The ETIP Smart Networks for Energy Transition (SNET) role is to guide Research, Development & Innovation (RD&I) to support Europe's energy transition, more specifically, its mission is to:

• Set-out a vision for RD&I for Smart Networks for Energy Transition and engage stakeholders in this vision.
• Prepare and update the Strategic Research and Innovation Roadmap.
• Report on the implementation of RD&I activities at European, national/regional and industrial levels.
• Provide input to the SET Plan action 4 which addresses the technical challenges raised by the transformation of the energy system.
• Identify innovation barriers, notably related to regulation and financing.
• Develop enhanced knowledge-sharing mechanisms that help bring RD&I results to deployment.
• Prepare consolidated stakeholder views on Research and Innovation to European Energy Policy initiatives.

http://www.etip-snet.eu/

R&D Nester is represented in 3 Groups of ETIP-SNET - The European Technology and Innovation Platform Smart Networks for Energy Transition.

Rui Alves is a researcher in R&D Nester and was nominated to collaborate with Working Group 1 - Reliable, economic and efficient smart grid system.

This Work Group addresses business and technology trends contributing to the overall energy system optimization at affordable investment and operation costs. It will focus on system aspects, addressing the main functionalities, quality and efficiency of the electricity system as such and consider the benefits of its integration with the other energy vectors. The flexibility options investigated in WG1 are: new transmission and distribution technologies (power electronics for instance), setting up interfaces with storage, demand response, flexible generation and synergies with other energy networks (i.e. how to couple the electricity networks with the gas and heat networks). WG1 also follows Set Plan Action 4 related to grid smartening in the sense of grid observability and controllability (i.e. tools for managing the variability and uncertainty of operational conditions at several timescales), increased grid hosting capacity and economic efficiency of the system through the use of ICT.

Bruno Soares was the researcher nominated to represent R&D Nester in this work group.

Work Group 4 addresses the use and impact of the Information and Communication Technologies as a pervasive tool along the entire value chain of the power generation, transportation and use. The communication layer is one of the pillars of the smart energy system, enabling system observability, monitoring, control and protection, specifically enabling a radical change in the relation between the final user and the energy system. New digital tools (i.e. from smart meters to social networks) linked to the Internet of Things will aim to favour Customer participation in all stages of the development and expansion of the energy system thanks to the analysis of big data generated. The widespread use of digital technologies however needs to be accompanied by suitable measures for data and information protection from malicious intrusions and attacks (cybersecurity) and from uncontrolled use of customers data (data privacy).

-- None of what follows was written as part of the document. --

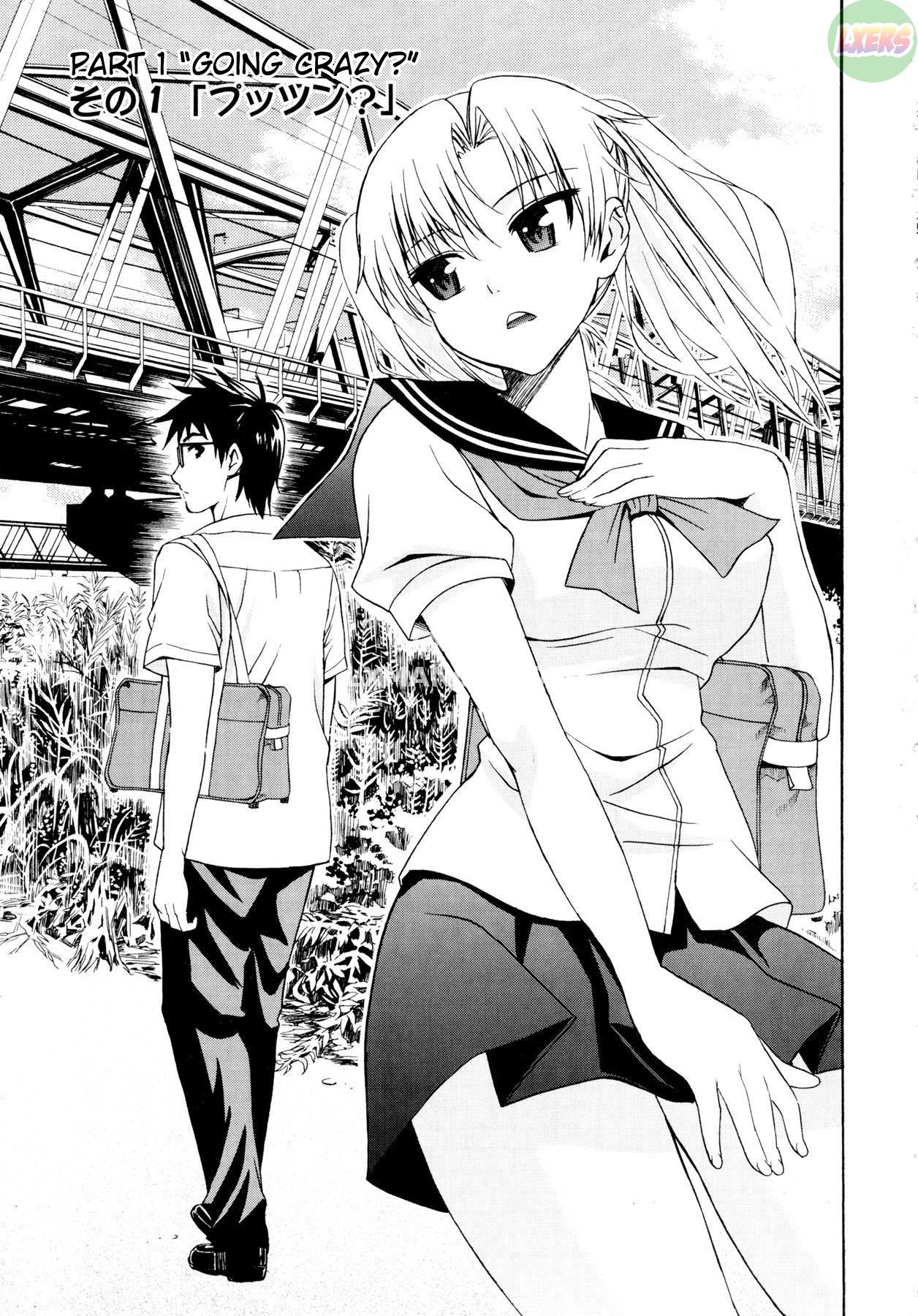 yanagida-kun-to-mizuno-san-chap-1-9 integer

In order to address all these topics, inside the group, three task forces were created:

• Task Force 1: Digital Technologies and reference architectures and standards;
• Task Force 2: Digital Energy Disruptive Use Cases;
• Task Force 3: Digital Cyber-security recommendations.

R&D Nester is monitoring all task forces and participating on Task Force 3, which is particularly relevant in the context of the current R&D Nester activities.

The number of applications to participate in this Work Group reached 100 and only 60 were selected as active members. Among the members, there are participants from all over the world and from the most relevant stakeholders: TSOs, consumers (electricity retail companies), DSOs, ICT Technology providers, Renewable Energy resources, research and academia and telecommunication service providers.

By participating in WG4, R&D Nester improves its visibility not only in power systems domain, but also on communications network field, taking advantage of the networking and knowledge sharing opportunity provided.

It is also allowing R&D Nester understanding the roadmap for European RD&I concerning power systems digitalization and contributing for this roadmap to go in the best direction, holistically anticipating the future needs of all stakeholders.

Nuno Pinho da Silva and Rui Alves were the researchers nominated to represent R&D Nester in this work group.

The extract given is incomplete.